| Assignment |
Every record below needs to be set down exactly. Pictures do not belong in the copy.

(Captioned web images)
^^^^

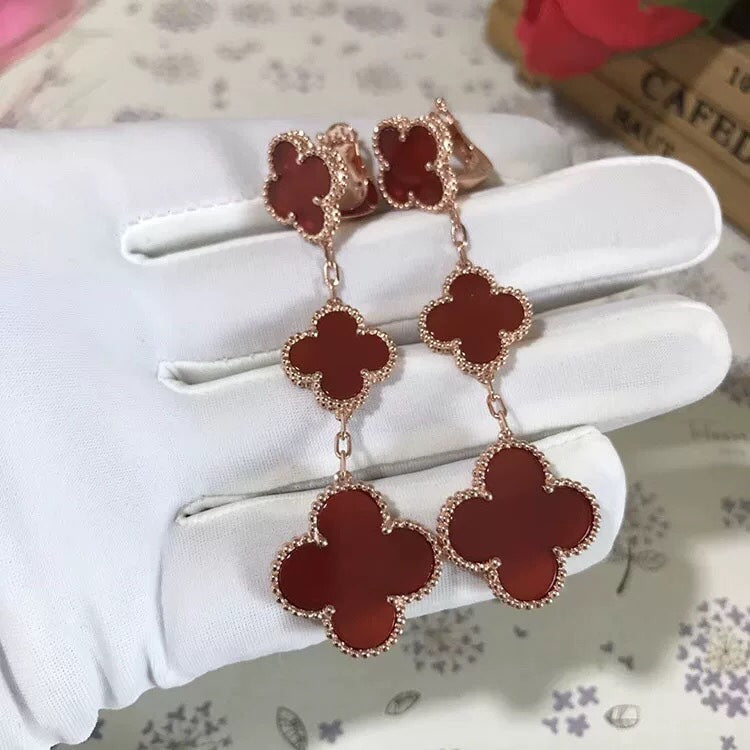 GlowCLOVER 3 MOTIF CARNELIAN DROP EARRINGS
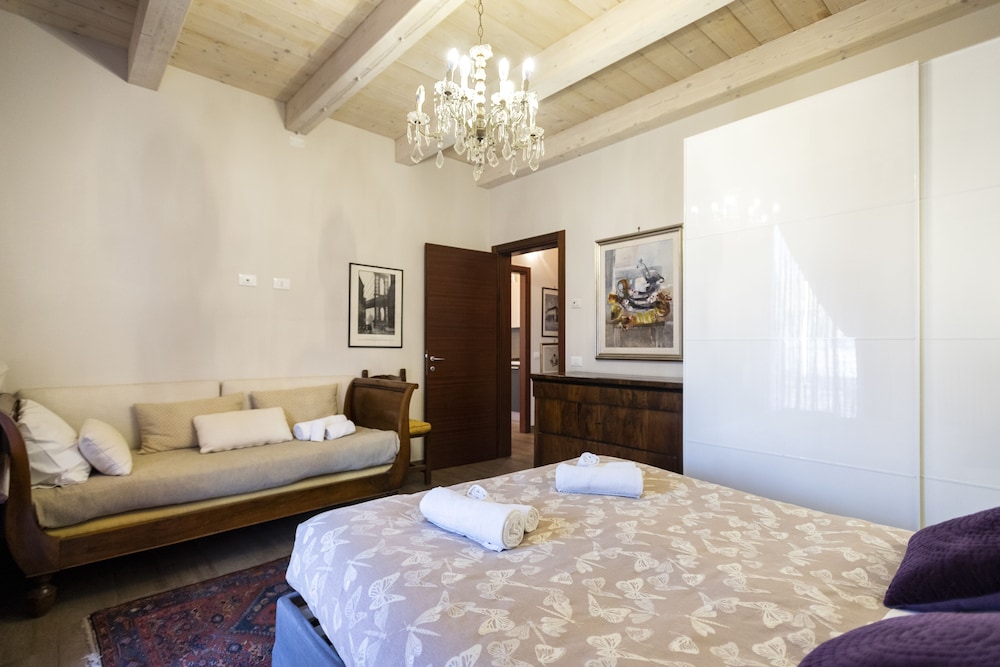 al battistero luxury suite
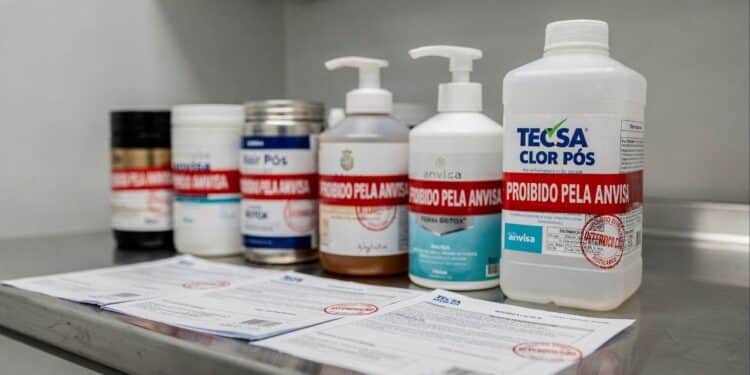 Anvisa determina apreensão e recolhimento de 8 produtos para cabelo sem registro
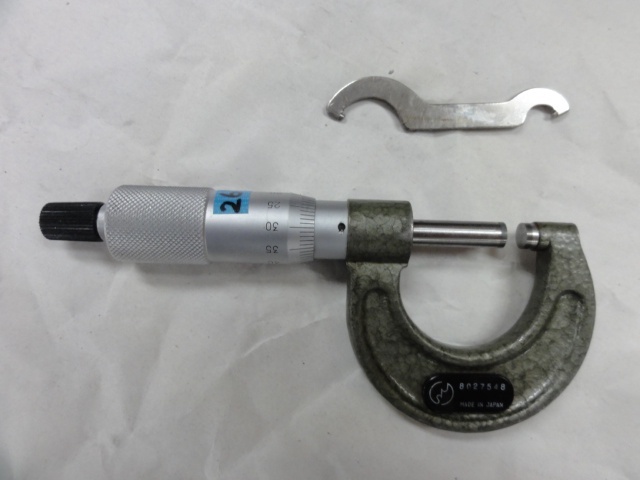 Mitutoyo M110-25 Micrometer (Outer) Image 5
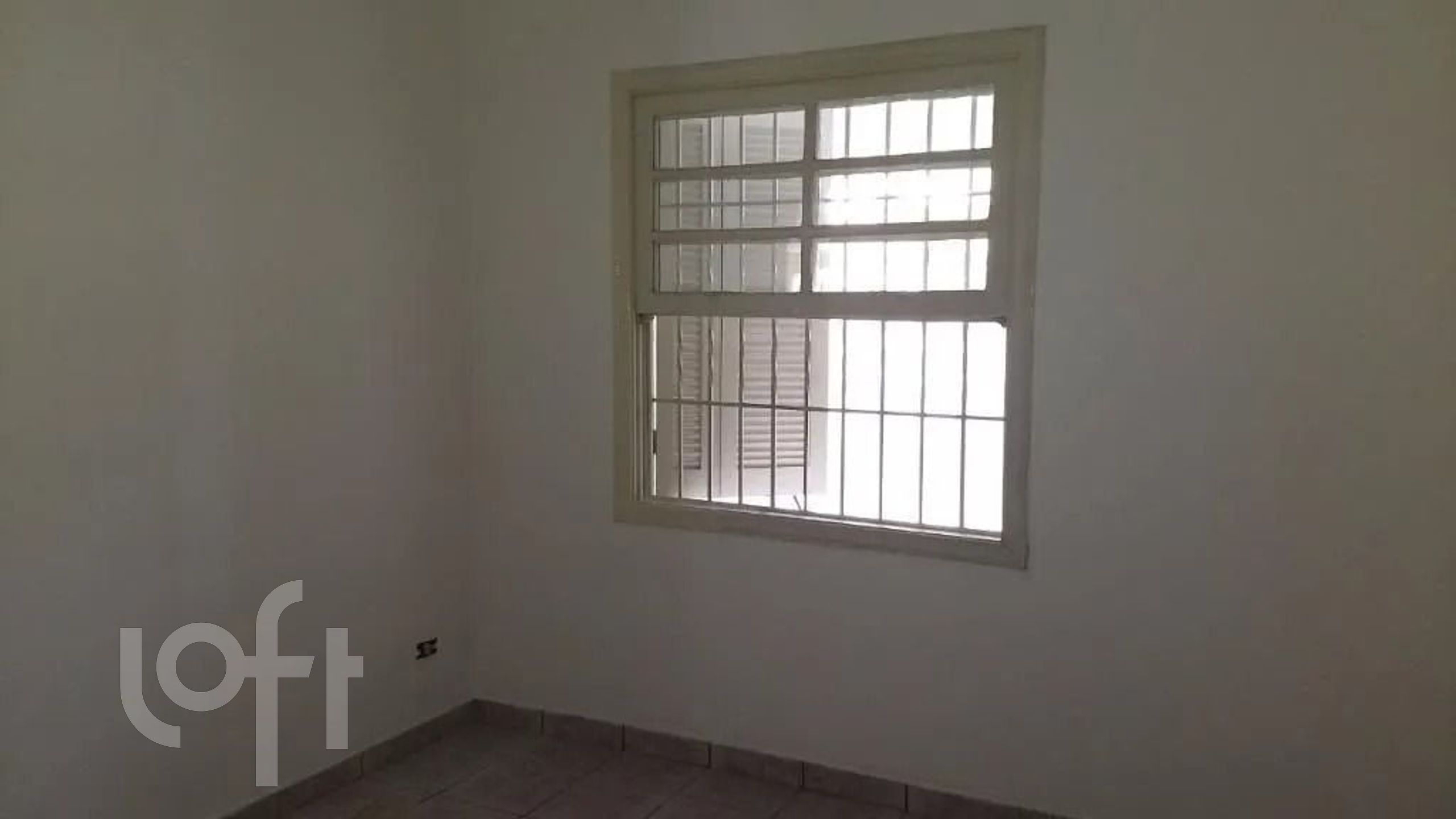 Casa à venda com 2 quartos, 140m² - Foto 1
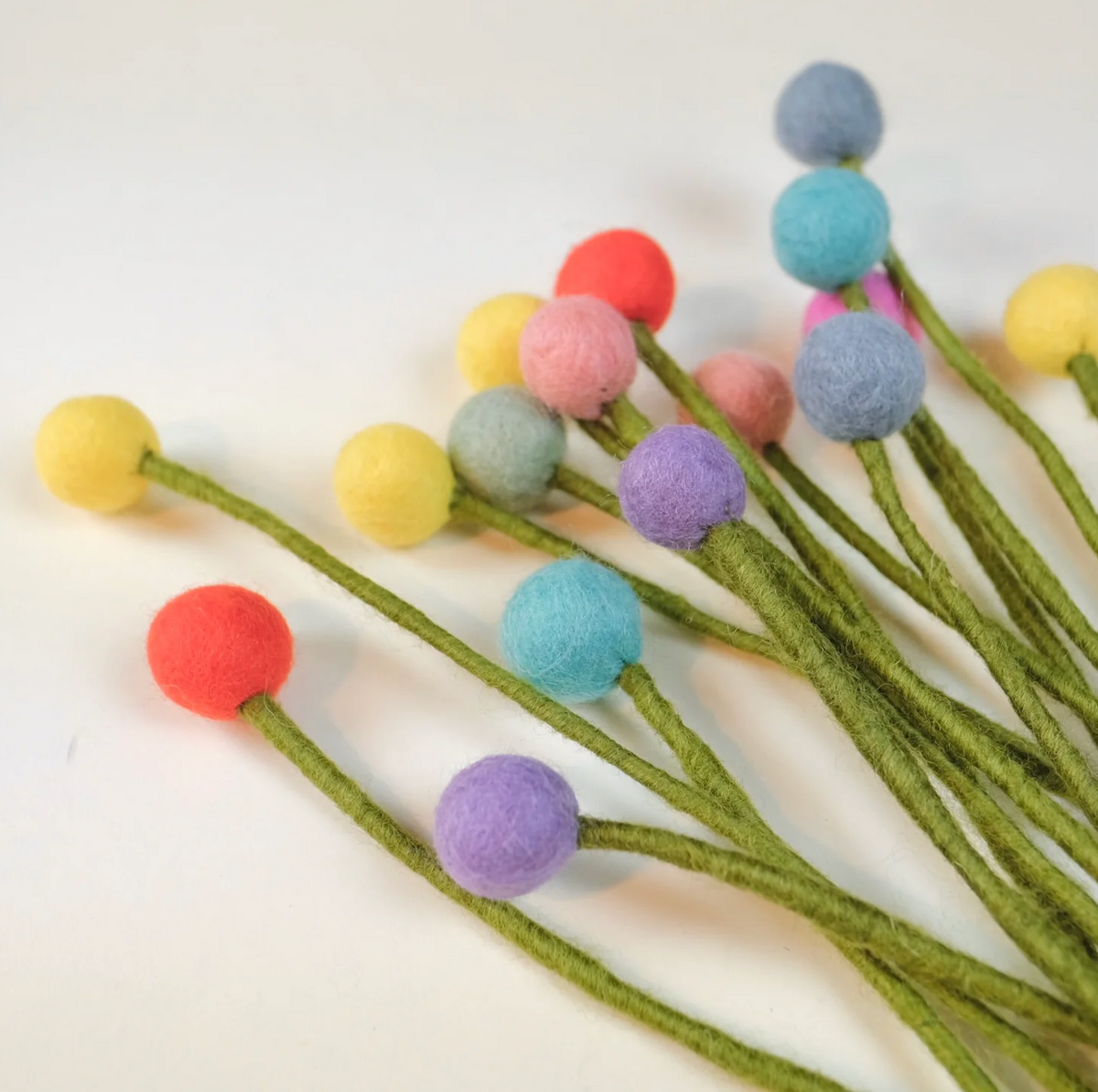 Dot Flower - 2cm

^^^^

| Response box |
 GlowCLOVER 3 MOTIF CARNELIAN DROP EARRINGS
 al battistero luxury suite
 Anvisa determina apreensão e recolhimento de 8 produtos para cabelo sem registro
 Mitutoyo M110-25 Micrometer (Outer) Image 5
 Casa à venda com 2 quartos, 140m² - Foto 1
 Dot Flower - 2cm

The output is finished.